Financial reports help businesses see how they're doing and make better decisions. In this series, each article will explain a specific report, covering what it is, why a CPA needs it, how the numbers are calculated, and a simple example to show how it works. Whether it's about tracking income, managing costs, or checking how well your team is working, these articles will give you the basics to make sense of these important reports.
Aged Receivables (AR) Summary
What’s in this Report?
Does include:
Archived, inactive, and deleted clients
Because archived and deleted clients will still appear on the AR Summary report, any invoices that were still active at the time of the client’s archive/deletion may still appear on it. If an invoice appears on the AR Summary report that shouldn’t be, go to the AR Detail report and see if that invoice is hyperlinked there for you to select and archive/delete it.
If you can’t archive/delete an invoice because the client has already been permanently deleted, contact Canopy support to get a ticket entered for your request.
Does not include:
Archived and deleted Invoices
Report type | Column description | Permissions requirements |
Aged Receivables Summary: displays a summary of all aged receivables in Canopy | Client: the customer Current: balance owed in the current month Aging Schedule: how many days an invoice is past due Total: all outstanding invoices and credits | Billing Reports, Assigned Clients |
📊 What is an Aged Receivables (AR) Summary Report?
An Aged Receivables (AR) Summary Report is a financial document that shows the outstanding amounts that customers owe a business over a set period. It breaks down these unpaid invoices into different time buckets based on how long they've been overdue. The usual categories are:
Current: Invoices that are still within their payment terms (e.g., due within 30 days).
31-60 Days: Invoices overdue by 31 to 60 days.
61-90 Days: Invoices overdue by 61 to 90 days.
Over 90 Days: Invoices overdue by more than 90 days.
👨🏻💼 Why Would a CPA Need It?
A CPA would need this report for several reasons:
Cash Flow Management: It helps the business understand how much money is expected to come in and when. This is crucial for planning expenses and managing cash flow.

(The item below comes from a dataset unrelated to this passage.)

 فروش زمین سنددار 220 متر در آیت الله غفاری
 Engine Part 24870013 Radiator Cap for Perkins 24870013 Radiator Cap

Identifying Problems: The report can highlight issues with customers who are consistently late in paying or those who might be at risk of defaulting.
Financial Health: It provides a snapshot of the company's receivables, which is important for assessing the financial health of the business.
Auditing: During audits, CPAs use this report to verify the accuracy of the accounts receivable balance and to ensure that revenue is recognized correctly.
🔢 How is the Math Calculated for This Report?
The math behind the Aged Receivables Summary Report is pretty straightforward:
Categorizing Invoices: Each invoice is categorized based on the number of days it is overdue. This is done by subtracting the invoice date from the current date. For example, if today is August 16th and the invoice was dated July 1st, it's 46 days old and would fall into the "31-60 Days" category.
Summing Up Amounts: Once the invoices are categorized, the total amount owed in each category is summed up. This gives you the total receivables for each aging bucket (e.g., $10,000 in the 31-60 Days bucket).
Total Receivables: Finally, the sum of all the buckets gives the total accounts receivable amount. This shows how much money the business is waiting to collect.
For example, if a business has the following overdue invoices:
$5,000 current
$3,000 overdue by 31-60 days
$2,000 overdue by 61-90 days
$1,000 overdue by over 90 days
The report would show:
Current: $5,000
31-60 Days: $3,000
61-90 Days: $2,000
Over 90 Days: $1,000
Total Receivables: $11,000
This summary helps a business keep track of what’s owed and manage its collections process effectively.